Indian Medical Association
- Abbreviation: IMA
- Formation: 1928; 98 years ago
- Headquarters: New Delhi
- Location: Indian Medical Association, IMA House, I.P. Estate, Next to Vikas Minar, New Delhi - 110002;
- Region served: India
- Membership: 317,458 as of November 30, 2019
- National President: Dr. R. V. Asokan
- Website: www.ima-india.org

= Indian Medical Association =

Society of Indian physicians formed in 1928

The Indian Medical Association (IMA) is a private, national voluntary organisation of physicians in India. It was established in 1928 as the All India Medical Association, and was renamed the Indian Medical Association in 1930. It is a society registered under The Societies Act of India.

==Background==
The Indian Medical Association has approximately 350,000 member doctors in 1,700 active local branches in 29 states and union territories in India.

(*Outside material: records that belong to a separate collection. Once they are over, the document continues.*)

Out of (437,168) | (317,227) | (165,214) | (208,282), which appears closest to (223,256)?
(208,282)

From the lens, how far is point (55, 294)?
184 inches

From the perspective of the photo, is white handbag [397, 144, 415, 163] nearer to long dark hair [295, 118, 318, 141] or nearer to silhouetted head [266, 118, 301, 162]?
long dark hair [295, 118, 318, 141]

It is the largest association of medical doctors in India.

Previously stationed out of Calcutta, the IMA is headquartered in New Delhi. Local branches send representatives to a central council which meets annually. The council delegates to a working committee that represents all state branches and meets at least three times a year.

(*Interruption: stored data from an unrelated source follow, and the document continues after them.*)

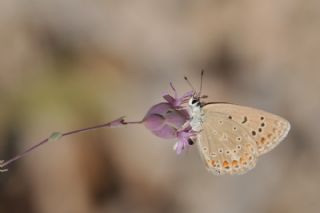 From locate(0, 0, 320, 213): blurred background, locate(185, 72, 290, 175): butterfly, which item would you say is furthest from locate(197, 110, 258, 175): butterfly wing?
locate(0, 0, 320, 213): blurred background

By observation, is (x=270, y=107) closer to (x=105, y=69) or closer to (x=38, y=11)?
(x=105, y=69)

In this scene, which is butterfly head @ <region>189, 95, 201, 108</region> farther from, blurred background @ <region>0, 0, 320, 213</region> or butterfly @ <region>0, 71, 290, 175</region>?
blurred background @ <region>0, 0, 320, 213</region>

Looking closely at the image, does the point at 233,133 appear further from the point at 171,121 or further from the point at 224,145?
the point at 171,121

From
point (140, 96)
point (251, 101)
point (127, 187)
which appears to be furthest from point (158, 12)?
point (127, 187)

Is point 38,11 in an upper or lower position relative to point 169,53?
upper

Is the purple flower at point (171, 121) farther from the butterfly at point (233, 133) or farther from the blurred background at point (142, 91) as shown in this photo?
the blurred background at point (142, 91)

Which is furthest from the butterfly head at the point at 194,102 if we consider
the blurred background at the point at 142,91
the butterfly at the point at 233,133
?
the blurred background at the point at 142,91

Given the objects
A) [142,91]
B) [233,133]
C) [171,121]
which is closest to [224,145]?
[233,133]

The Indian Medical Association is one of the 27 founder members of the World Medical Association, joining in 1948. The IMA left the organization in 1985 due to the WMA's retention of South Africa, then a practitioner of apartheid. The IMA rejoined the WMA in 1993. A Reuters investigative report from 2015 found that the IMA had incorrectly told the WMA that charges of corruption brought by the Central Bureau of Investigation against former IMA president Ketan Desai had been withdrawn.

The IMA has expressed opposition to integrated medicine or the mixing together of systems of medicine in curriculum, practice and research in India, often by using the term "mixopathy". The IMA has held a number of nationwide protests. These have included several protests between November 2016 and March 2017 that objected to bills raised toward the creation of the National Medical Commission which replaced the Medical Council of India on 25 September 2020. In December 2020, approximately one million doctors attended a day-long strike organized by the IMA to protest a federal government rule that allows practitioners of the Indian system of medicine Ayurveda to perform minor surgeries. In early 2021, the IMA held a two-week nationwide hunger strike to protest the government's support for surgical training for postgraduate students of Ayurveda.

In 2022, Sahajanand Prasad Singh was listed as the national president for the organization. Singh was preceded in the post by surgeon J. A. Jayalal from 2020 to 2021. Longtime member and cardiologist K. K. Aggarwal held several posts within the IMA including president. Ketan Desai served as the organization's head from 2001 to 2003 following a period when he had been found guilty by Delhi High Court of corrupt practices and abuse of power.

==Office Bearers of IMA since Inception==

- Bidhan Chandra Roy (1929–30)
- Nilratan Sircar (1931–32)
- Prem Aggarwal (June 1996 to 2000)
- Ketan Desai (2001–2003)
- K. K. Aggarwal (2014–2016)
- R. V. Asokan (2024–Incumbent)

==Journal of the Indian Medical Association==
The Journal of the Indian Medical Association, (JIMA), is indexed in the Index Medicus. Published monthly, JIMA has over 240,000 subscribers for its electronic version and is also available in microfilm through Bell & Howels, US. JIMA was founded in 1930 by Sir Nilratan Sircar, Bidhan Chandra Roy, Kumud Sankar Ray, and others in Calcutta.